It doesn't actually exist of itself, but it is used to explain why things move to the outside of a turn.

wow thsts confusing!!}

now try body turning a bike w/asidecar!!

there it is proven useless only the steering works!!

sidecarguy wrote:wow thsts confusing!!}

now try body turning a bike w/asidecar!!

there it is proven useless only the steering works!!

That's like trying to turn a car by leaning over in the seat. The extra wheels provide WAY to much stability.

I wonder what it is that makes a centrifuge so effective at separating solids out of liquids? Or for simulating flight g-forces, by placing g forces on a human being. I wonder how they induced vertigo in us at flight school to demonstrate the effects of head movement in a turn, by just using a centrifuge with a cockpit in it? I always thought the centrifugal force seemed pretty real, as my helmeted head slammed over to the wall during the vertigo demo. Just magic, I guess.

Sevulturus wrote:Every action has an equal and opposite reaction. So basically Centrifical force is the force that pushes back against Centripital force. Otherwise the bike or car would go over the otherway.
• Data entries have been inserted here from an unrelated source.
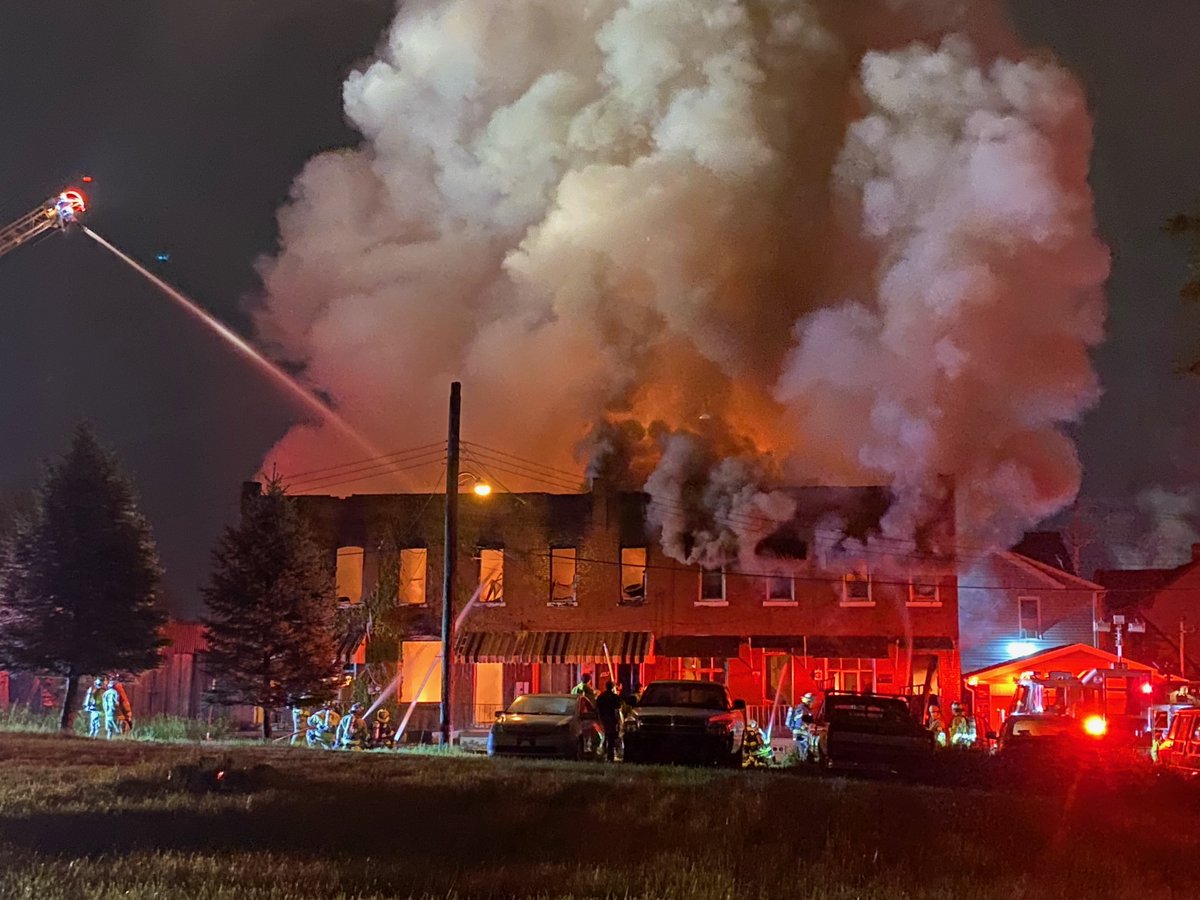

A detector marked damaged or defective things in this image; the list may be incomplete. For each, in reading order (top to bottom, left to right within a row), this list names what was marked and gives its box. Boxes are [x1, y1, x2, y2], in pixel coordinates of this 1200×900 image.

broken window [336, 549, 362, 607]
broken window [398, 549, 427, 607]
broken window [477, 549, 501, 607]
broken window [549, 547, 576, 609]
broken window [619, 547, 648, 609]
broken window [700, 571, 724, 607]
broken window [768, 578, 796, 607]
broken window [844, 571, 873, 607]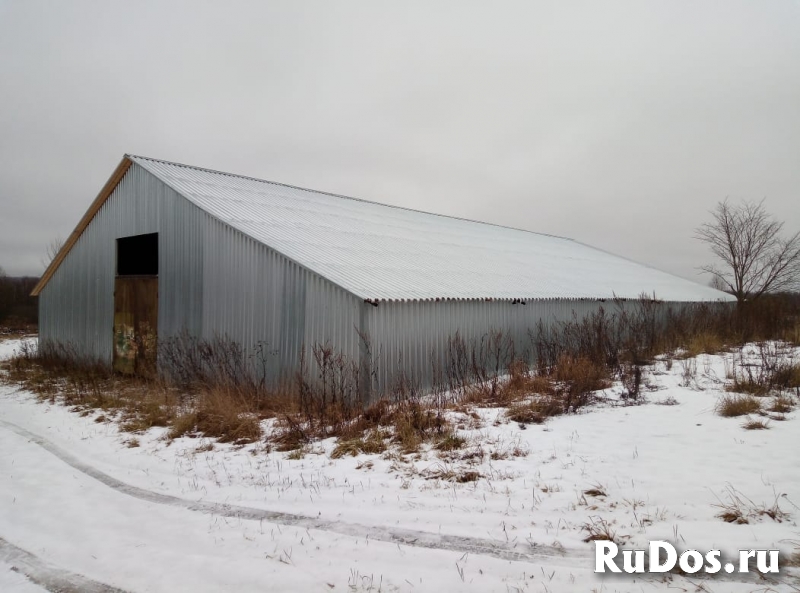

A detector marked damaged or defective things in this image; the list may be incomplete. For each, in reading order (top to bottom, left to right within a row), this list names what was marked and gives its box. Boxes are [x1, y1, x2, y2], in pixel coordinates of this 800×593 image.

rusty metal door [112, 278, 158, 372]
It doesn't actually exist of itself, but it is used to explain why things move to the outside of a turn.

It doesn't exist of itself, Sev, because it doesn't exist, period. You can't explain a physical event by reference to a non-existent force. On a cornering bike, centripetal force is not balanced by some mythical centrifugal force but works together with a turning couple comprised of the weight of the bike acting vertically downwards through its centre of gravity and the normal force acting vertically upwards through the contact patch at the wheels.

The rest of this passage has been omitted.